Lower School Students Discover Ancient History in Ladue

Wading through the water at the Litzsinger Road Ecology Center in Ladue, only a few miles from the MICDS campus, offers a glimpse of what our neighborhood looked like millions of years ago. Second and third-grade students have recently completed field trips to the 34-acre center with Laura Pupillo, Lower School Science Teacher. Students have been studying fossils and continental drift, learning what past life looked like in Missouri, and discovering how Missouri used to be located closer to the equator. “It’s one thing to read about something in a book or hold a fossil in your hand in a class lab, but to actually go out into the field and see that these things exist in a place—and find it where it belongs in that place—can tell you a lot about the history of the earth,” Pupillo explained.

The ecology site, located at 9711 Litzsinger Road, isn’t simply a great resource because of its convenient location, it offers a wealth of opportunities for scientific study. “Litzsinger is just a great spot for finding fossils—every other rock has a fossil in it,” said Pupillo. “To pick up a rock that’s older than a dinosaur is pretty incredible.”

Third graders spent time in the urban stream that runs through the center’s property, studying the watershed and the macroinvertebrates that live there. Students discovered crayfish, water scorpions, mayflies, aquatic worms, and roly-polies. The experience served as a foundation for the Stream Team exercise that students will undertake with Pupillo as fourth graders. “There’s so much to learn from doing it here at school and doing it there (at Litzsinger) and comparing the two, because every watershed is different,” she said.

Second graders visited the ecology center on their first field trip as MICDS students.
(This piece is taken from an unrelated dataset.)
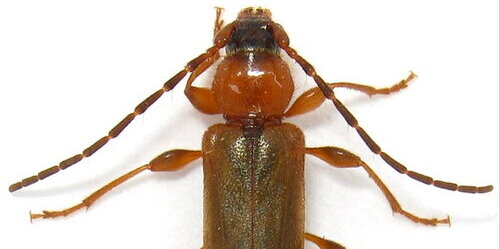 cerambycid and elaterid beetles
While there, they completed a nature scavenger hunt, learned how the biodiversity of plants and animals creates a balanced ecosystem, and participated in maintaining that balance by collecting more than a pound of plastic, glass, and garbage from the center’s waterway.

Pupillo appreciates the wonderful opportunity the Litzsinger Road Ecology Center provides for study and discovery. “Litzsinger is a really special place that has all these native woodlands and prairies, and you wouldn’t even know it’s there,” she said. “It shows the possibility that any place can be like that if we decide that we want to dedicate a little bit of land—even a backyard.”

Second-grade students will visit the Litzsinger Road Ecology site every spring. Third graders will visit in the spring and fall while fourth graders, in addition to their Shaw Nature Preserve field trip and Stream Team exercise, will visit every fall. What a wonderful, hands-on learning setting to bring these lessons in science to life!